Photo by Kirby Neumann-Rea
Romuls family gathering: Romul and Lillie Grivov, and their granddaughter, Bella, are flanked by Crystal Hager, left, Omar Lachino, Jerrett Bray, Jackie Bray, Pablo Moreno, Jill Monier and Steve Monier, with the image of the Mona Lisa, the dominant mural in the dining room.
The Romuls rotation is complete.
The restaurant, in the historic Paris Fair Building at Oak and Fourth streets, was founded in The Dalles 10 years ago by Romul and Lillie Grivov, and expanded to Hood River in July 2012.
It is now two separate establishments that share a name.
The Grivovs sold their original restaurant, Romuls East in The Dalles, in September. The Dalles restaurant still bears the Romuls name, but the Grivovs have no further connection to it.
“The misunderstanding comes up a lot,” said Romul Grivov, 53, since opening the Hood River restaurant. “We wanted to keep the tradition as it has been in The Dalles.
“I wanted to be in Hood River for years,” he said. “There is no way to describe how we feel about being in Hood River. It is like everybody is family.

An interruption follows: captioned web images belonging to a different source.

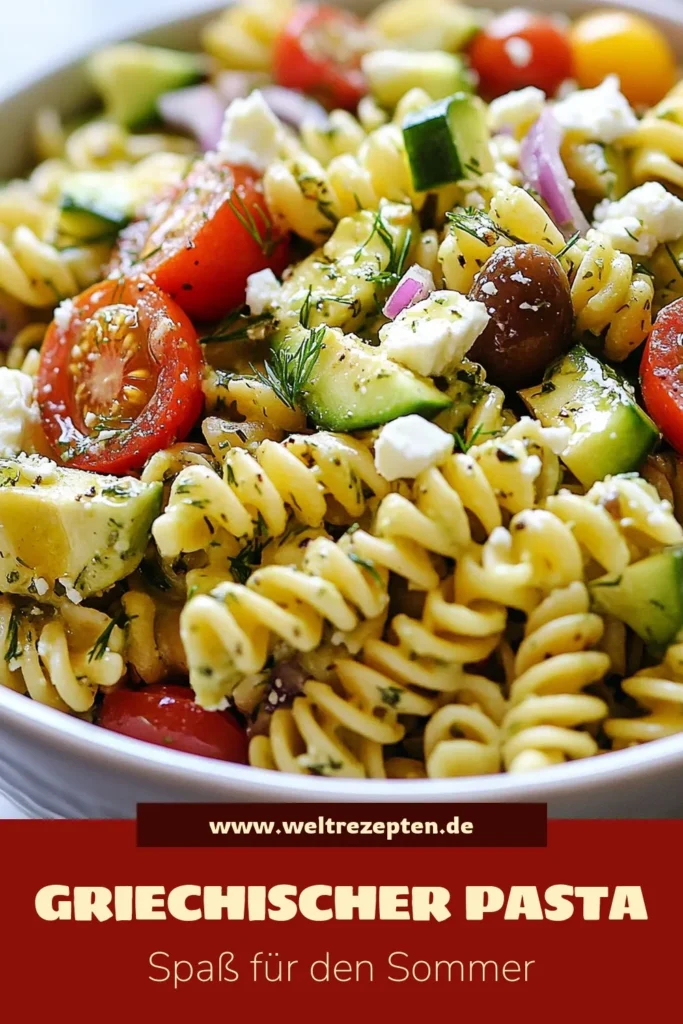 Genießen Sie den köstlichen Griechischen Avocado-Pasta-Salat, ein ideales Rezept für den Sommer! Dieser gesunde Pasta Salat kombiniert Vollkornpasta mit frischen Zutaten wie Avocado, Kirschtomaten und Feta. Perfekt für Grillpartys oder als leichtes Mittagessen, ist dieses vegetarische Gericht einfach zuzubereiten und voller Geschmack. Probieren Sie es aus und speichern Sie es für Ihre nächste Mahlzeit! #GriechischerAvocadoPastaSalat #GesundePastaRezepte #VegetarischeSalate #EinfacheSalatRezepte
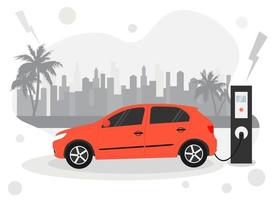 Electric red car charging its battery with natural landscape, concept illustration for ecology, sustainability, clean air, future. Vector illustration in flat style.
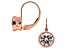 White Cubic Zirconia 14k Rose Gold Earrings With Velvet Gift Box 2.00ctw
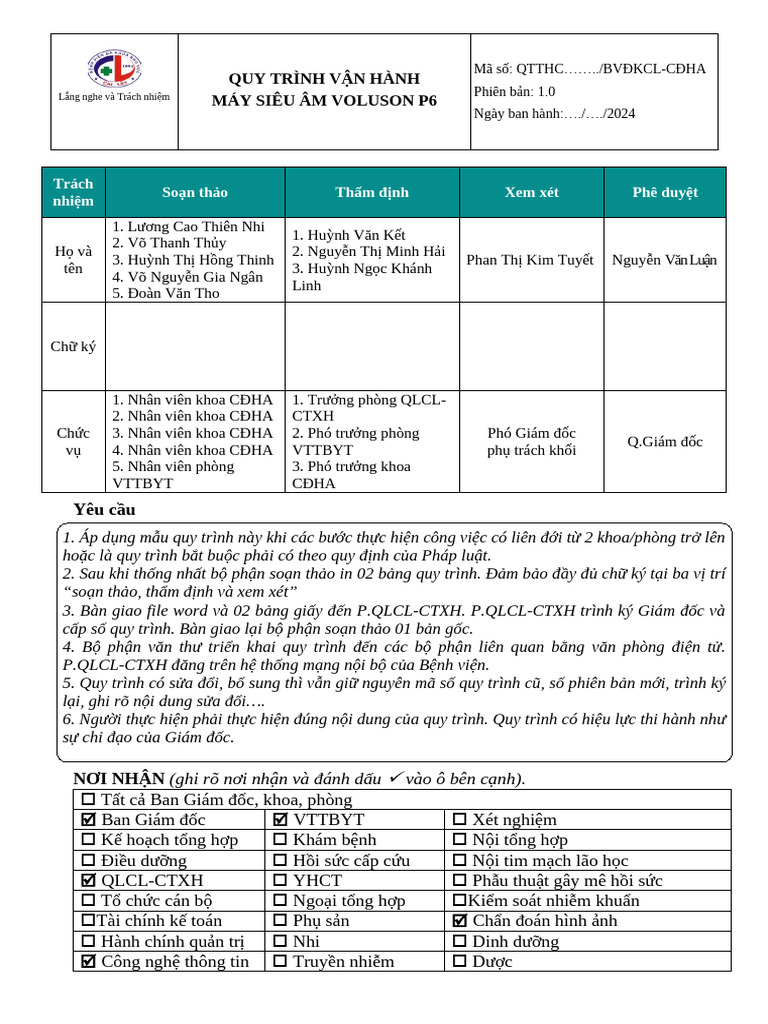 QUY TRINH VAN HANH MAY SIEU AM MAU (Voluson P6) | PDF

“People here understand about culinary things, and people love to cook and they like to enjoy good food,” said Grivov, who was born in Bulgaria, and lived in a variety of places in Europe, including Greece, before coming to the U.S. 34 years ago. He’s been in the Gorge for 25 years.
Romuls’ menu reflects Grivov’s Greek heritage and his affection for Italian cuisine, but he calls it “European cuisine,” emphasizing that the dishes of one country or region often have much in common with other areas of the continent. For example, the pomodoro sauce: Each use of tomato is different, and in Romuls’ case, the tomatoes are roasted.
“We serve Old World cooking,” he said. “It’s really comfort food from the Old World, and we like to provide a comfortable place to come get a good meal, and feel like you will be treated like family. When you go out for a meal in a restaurant you want to enjoy yourself in a nice surrounding, yes? Otherwise, you could just stay home.
“This is a family restaurant,” he said. “Everything is from family.” Lillie, the main cook, has perfected the Grivov family recipes.
“Even our French fries are unlike anyone else’s: We pan fry them and add feta cheese,” Romul said.
The restaurant and adjoining bar area have room for 70 diners, with another 12 on the patio. Grivov said the restaurant welcomes large groups and claims it is capable of serving 25 diners, off the menu, simultaneously. The Hood River restaurant is about the same size as The Dalles, and both locations are centrally located in the cities’ downtowns.
“We are very happy people have been so supportive. The tourists like us, and we try to serve the people of Hood River. We have many customers from here who regularly came to The Dalles, and they are happy now they don’t have to drive over.”
Grivov said he wants to sustain the tradition established in the space by the previous restaurant in the Paris Fair building, Annz Panz. “People have very good memories about the restaurant Carrie (Nelson) created here, and we respect that.”
Grivov said Romuls serves vegan and gluten-free dishes, and can prepare dishes to order. Year-round they purchase local organic garlic and in season, they try to use locally grown ingredients as much as possible.
“We love the (Gorge Grown) farmers market,” Grivov said. “It is one of the best things around here, and we get our mushrooms and our tomatoes and onions and many other things there.”
In addition to Lillie, the Romuls family includes daughters Marian and Jackie, and Jackie’s husband, Jerrett Bray. Their daughter, Isabella, 7, helps in the dining room and is “the new face of Romuls.”
Then there are server/managers Jill and Steve Monier, and Emmy DiGennero. Grivov said he credits his success to people like the late Steve Martin of Martin Management Company in The Dalles, who helped him get his start at Baldwin Saloon, and Leonard Cooper of the old Casa del Rio restaurant in The Dalles, where Grivov got his start 17 years ago. He and Scott Monier worked at at Casa del Rio, and Grivov worked with Jill Monier at Cousin’s.
“Everybody here at Romuls is from the beginning,” he said.
Romuls, 315 Oak St., is open from noon to closing.